* **Problem description**:
As the answer, return precisely the lines from the one containing "The Simpsons SDCC" to the final line of the material below, inclusive, and omit every picture.

* **Data segment**:

________________________

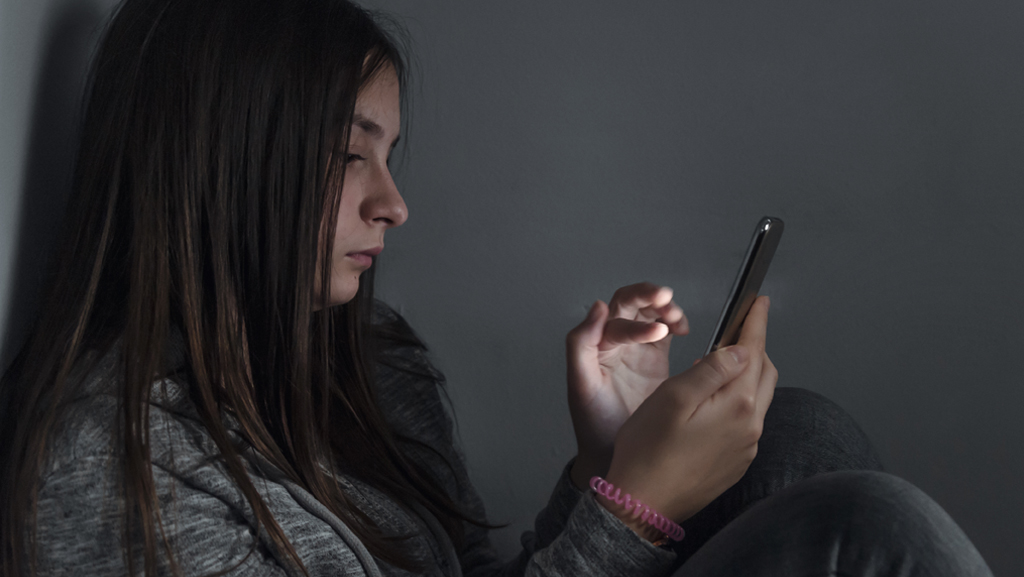 A teenage girl is sitting in a dark room and looking at her cell phone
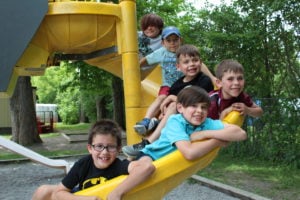 Photo of young boys on a playground slide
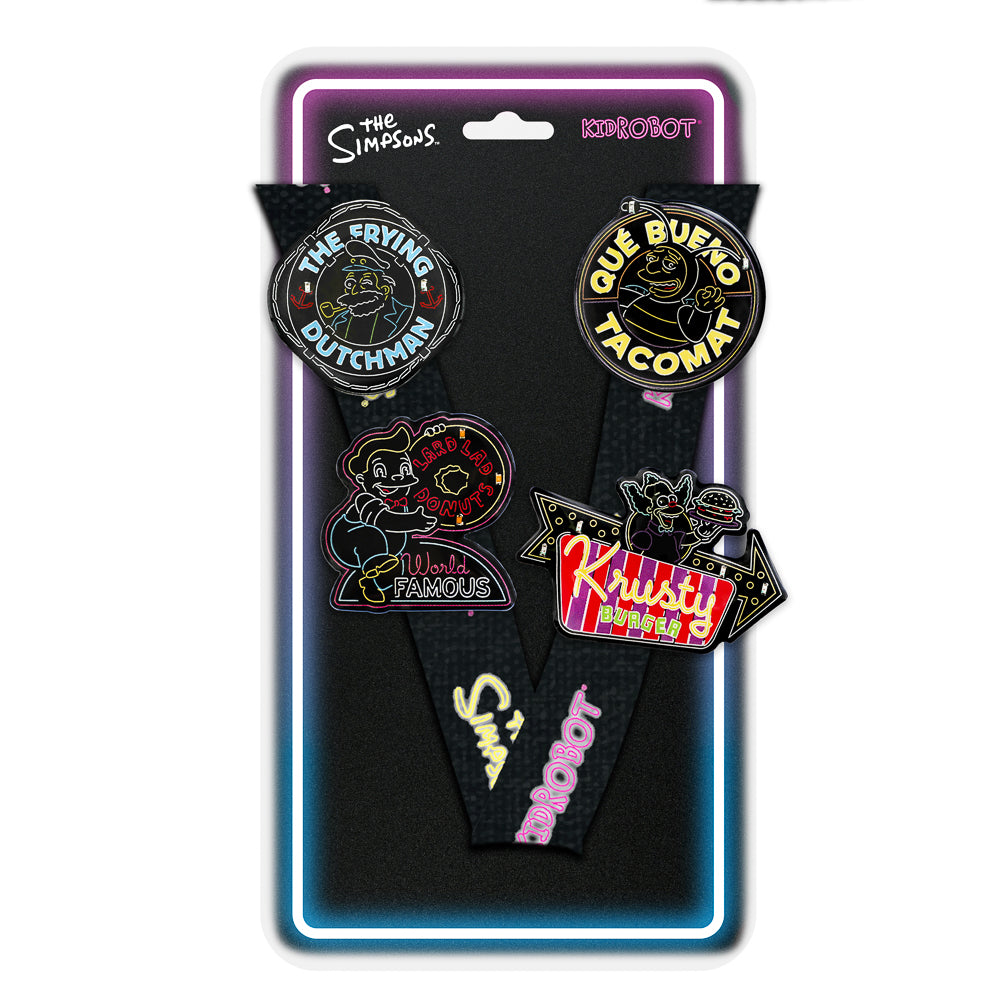 The Simpsons SDCC 2024 neon signs pins and lanyard set on card, featuring bright light-up design and limited edition packaging.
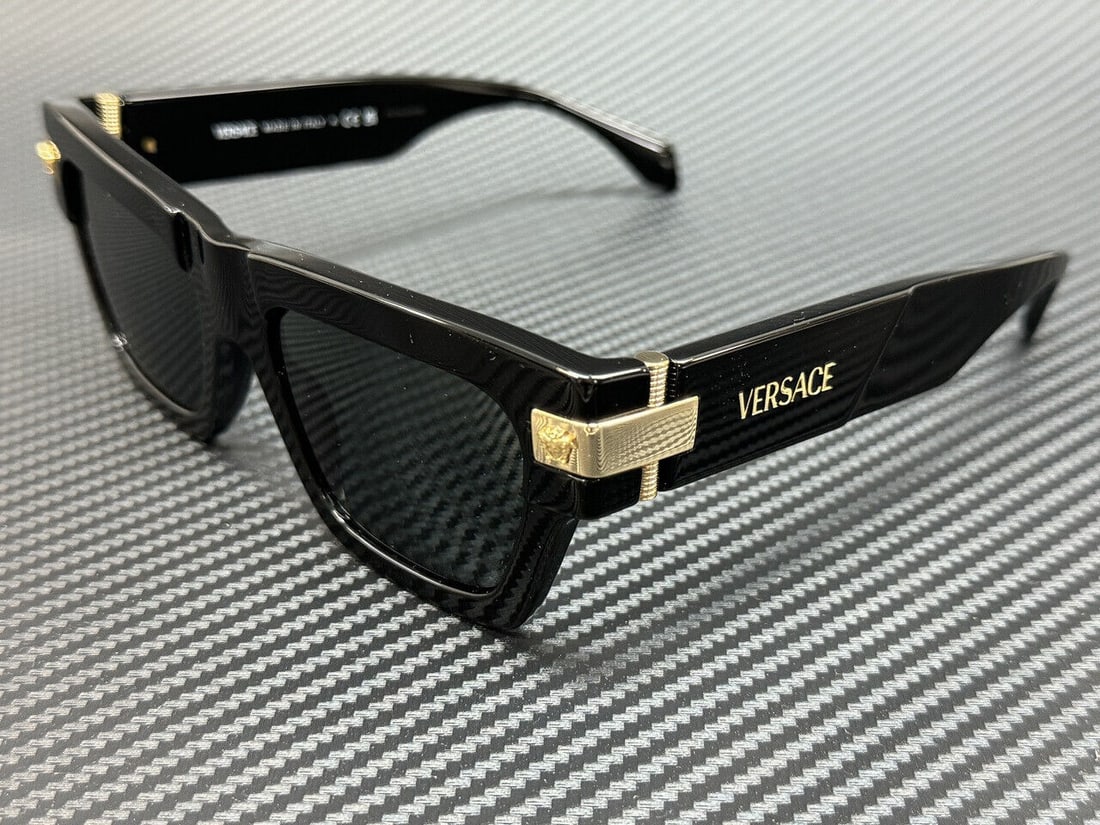 Versace Black Grey Men's Sunglasses: Versace Black Grey Men's Sunglasses Elevate your style with these Versace VE4464 sunglasses, featuring a classic black frame complemented by striking gold accents. Designed specifically for men, these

________________________

* **Written answer**:
 The Simpsons SDCC 2024 neon signs pins and lanyard set on card, featuring bright light-up design and limited edition packaging.
 Versace Black Grey Men's Sunglasses: Versace Black Grey Men's Sunglasses Elevate your style with these Versace VE4464 sunglasses, featuring a classic black frame complemented by striking gold accents. Designed specifically for men, these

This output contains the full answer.